QuickBooks uses optimistic locking. Every entity carries a SyncToken. If another process updated the entity since your last read, the API returns error 2030 (Stale Object).

[POST update with local SyncToken]
          |
     +----+----+
     |         |
  200 OK    400 / 2030
     |         |
  [Done]  [GET entity → get new SyncToken]
               |
          [Merge changes]
               |
          [POST update again]

Workflow 3: Asynchronous Webhook Processing

QuickBooks requires an HTTP 200 OK response within 3 seconds.

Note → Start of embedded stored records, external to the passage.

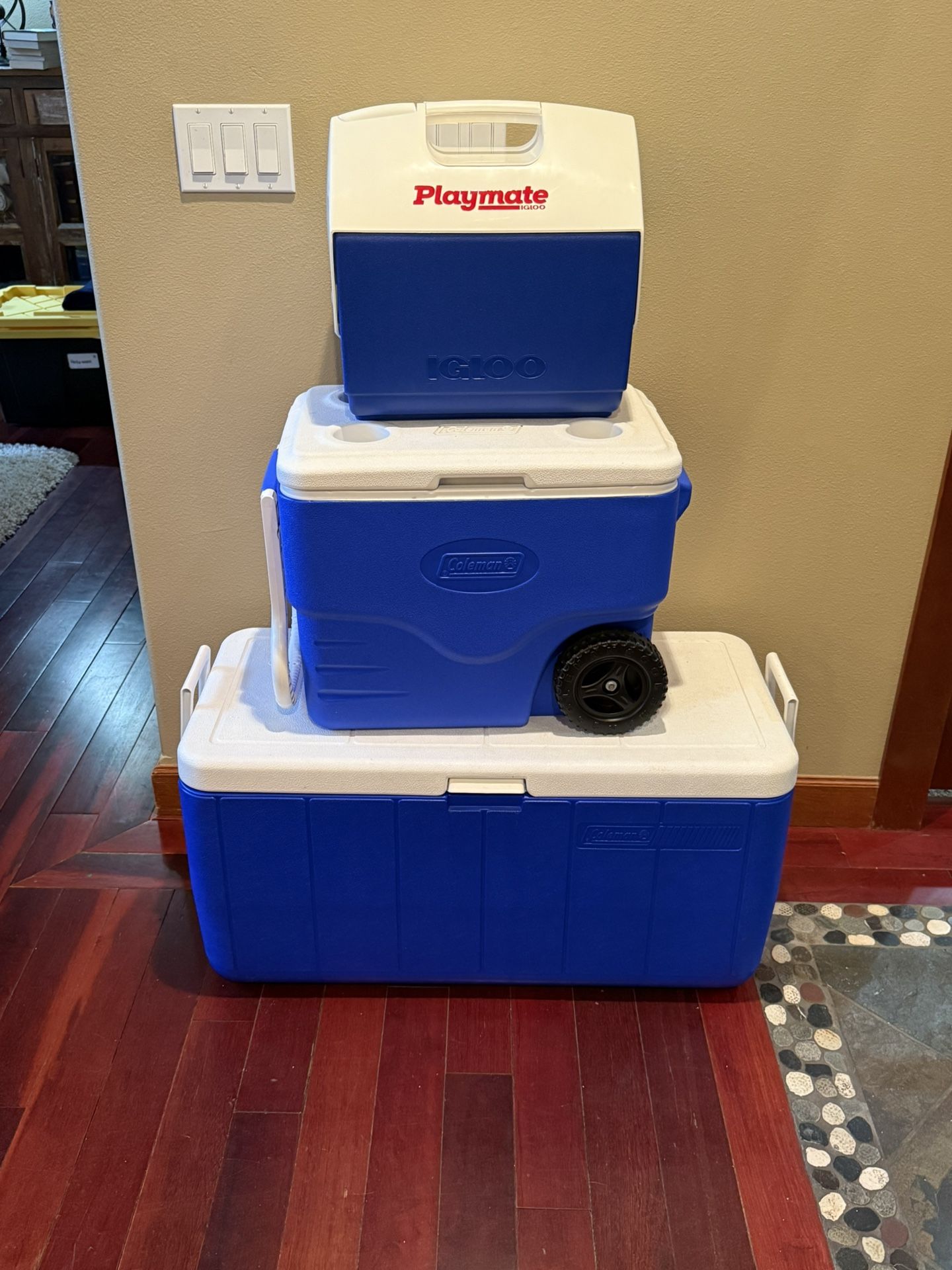 Three Blue Coolers Various Size -  Coleman/Igloo - Good Condition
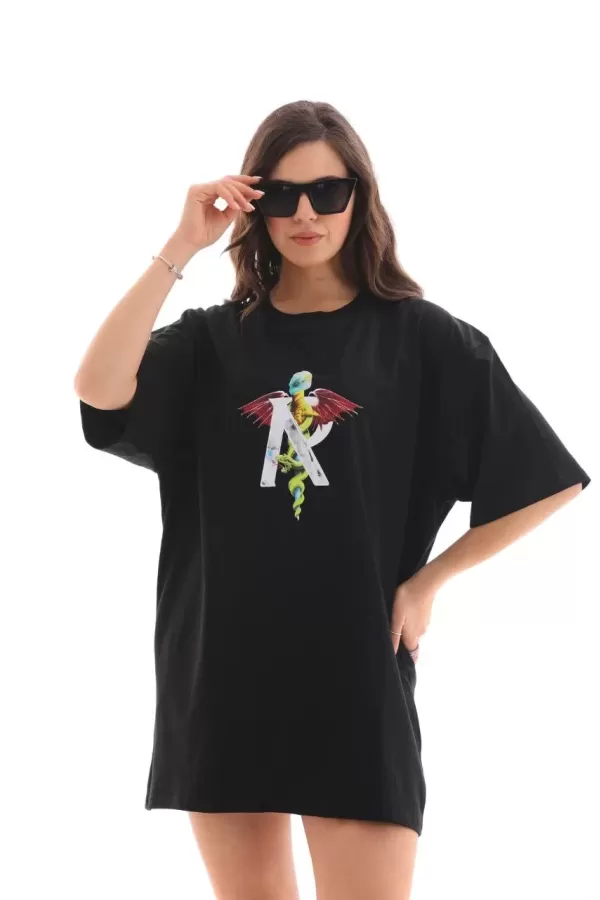 Unisex Bisiklet Yaka Baskılı Oversize T-Shirt - Siyah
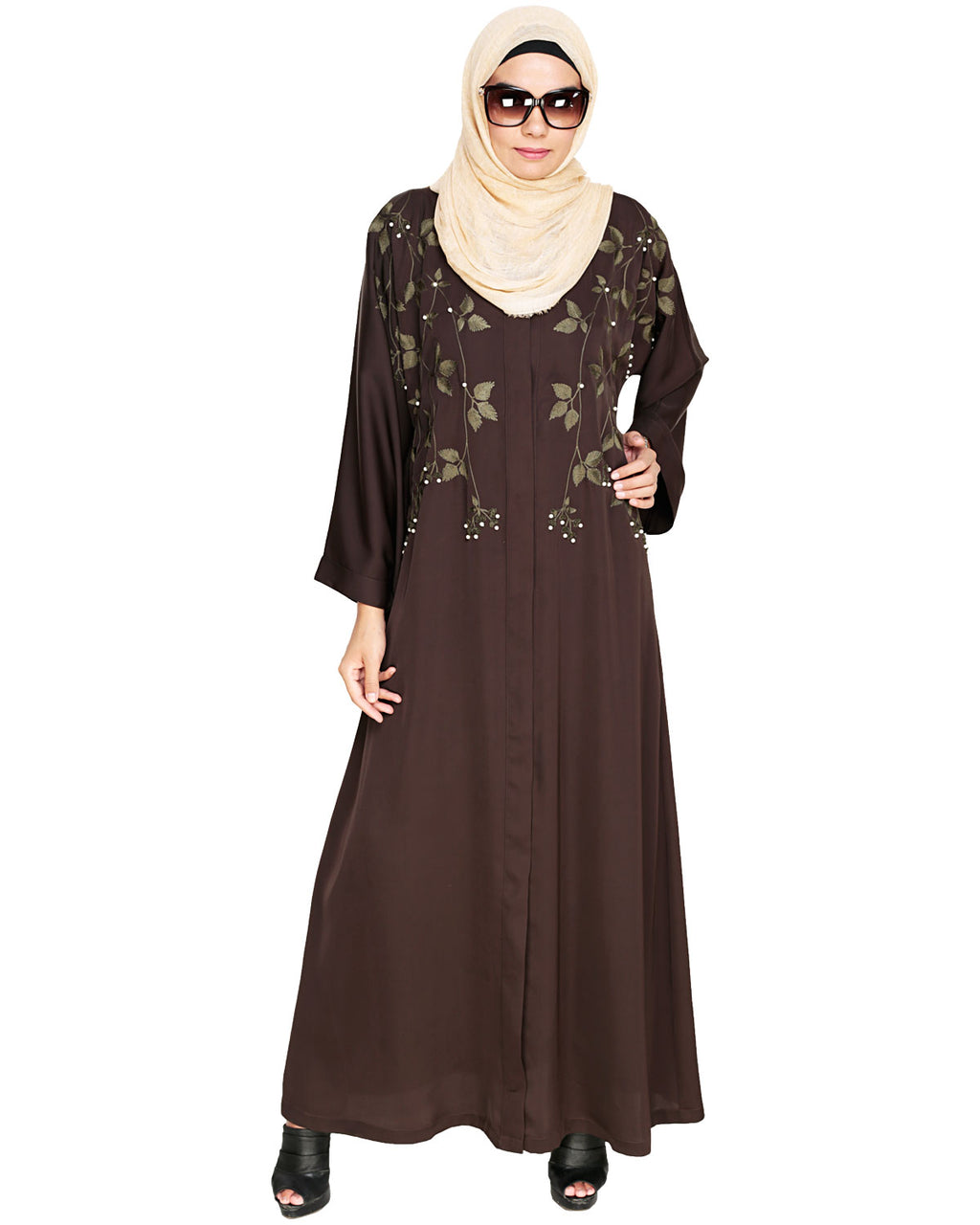 Pearl and Flora Embroidered Dubai Style Abaya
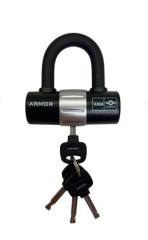 Armor 781 MV Motosiklet Disk Kilidi U- Bar Kelepçeli Çelik Kilit 16mm Çap+Hatırlatma Kablosu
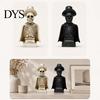Retro Gentleman Skull with Top Hat Gothic Halloween Sculpture And Cape, Spooky Resin Prop for Display Skeleton Figurine LED Light Home Tabletop Decor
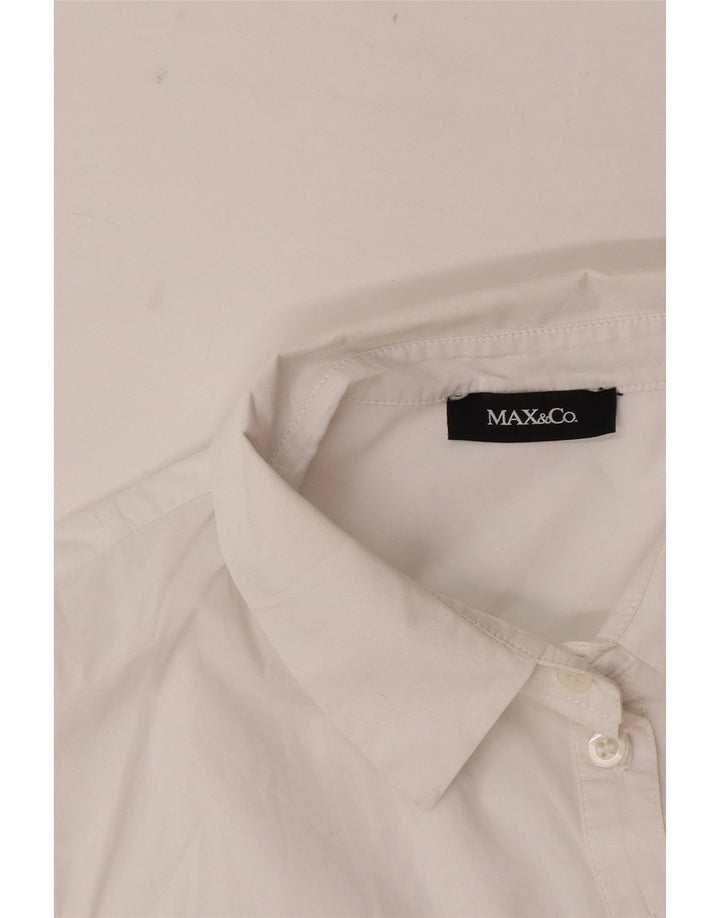 Blusa feminina sem mangas com corte Max & Co. Reino Unido 12 médio branco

[Incoming POST from Intuit]
          |
          v
[1. Verify HMAC-SHA256 signature]  ← raw bytes only, never parsed JSON
          |
          v
[2. Push raw payload to message queue (SQS / RabbitMQ / Redis)]
          |
          v
[3. Return HTTP 200 immediately]
          |
          v
[4. Background worker processes event]

API Quick Reference

Accounting Entities

Entity	Endpoint	Methods
Customer	`/v3/company/<realmId>/customer`	POST (create), POST (update sparse), GET
Vendor	`/v3/company/<realmId>/vendor`	POST, GET
Invoice	`/v3/company/<realmId>/invoice`	POST, GET, DELETE (void)
Payment	`/v3/company/<realmId>/payment`	POST, GET
Bill	`/v3/company/<realmId>/bill`	POST, GET
CreditMemo	`/v3/company/<realmId>/creditmemo`	POST, GET
JournalEntry	`/v3/company/<realmId>/journalentry`	POST, GET
Account (CoA)	`/v3/company/<realmId>/account`	POST, GET
Item	`/v3/company/<realmId>/item`	POST, GET
Deposit	`/v3/company/<realmId>/deposit`	POST, GET
Transfer	`/v3/company/<realmId>/transfer`	POST, GET

Reports API

Report	Endpoint	Key Params
Profit & Loss	`/v3/company/<realmId>/reports/ProfitAndLoss`	`start_date`, `end_date`, `accounting_method`
Balance Sheet	`/v3/company/<realmId>/reports/BalanceSheet`	`date`, `accounting_method`
General Ledger	`/v3/company/<realmId>/reports/GeneralLedgerDetail`	`start_date`, `end_date`, `columns`
A/R Aging	`/v3/company/<realmId>/reports/AgedReceivables`	`report_date`, `aging_method`

Reports cell limit: 400,000 cells per response. Enforce a maximum 6-month date range per request to avoid timeouts.

Payments API (v4)

Operation	Endpoint
Tokenize card	`POST https://api.intuit.com/quickbooks/v4/payments/tokens`
Create charge	`POST https://api.intuit.com/quickbooks/v4/payments/charges`
Refund charge	`POST https://api.intuit.com/quickbooks/v4/payments/charges/<id>/refunds`

Batch Operations

Bundle up to 30 independent operations into a single POST request:

POST /v3/company/<realmId>/batch

Change Data Capture (CDC)

Retrieve all changed entities since a given timestamp:

GET /v3/company/<realmId>/cdc?entities=Customer,Invoice&changedSince=2026-05-31T00:00:00Z

Production Checklist

Before going live, verify:

OAuth tokens encrypted at rest (AES-256-GCM).
Distributed lock on token refresh (no concurrent refresh races).
Exponential backoff with jitter on all API calls (handles HTTP 429, 100 req/min limit).
IDS-QL inputs sanitized (escape single quotes to prevent injection).
Reports date range capped at 6 months per request.
Webhook signature verified on raw bytes before any JSON parsing.
Webhook handler responds HTTP 200 within 3 seconds (async queue pattern).
PCI-DSS: raw card numbers never stored; use tokenization endpoint only.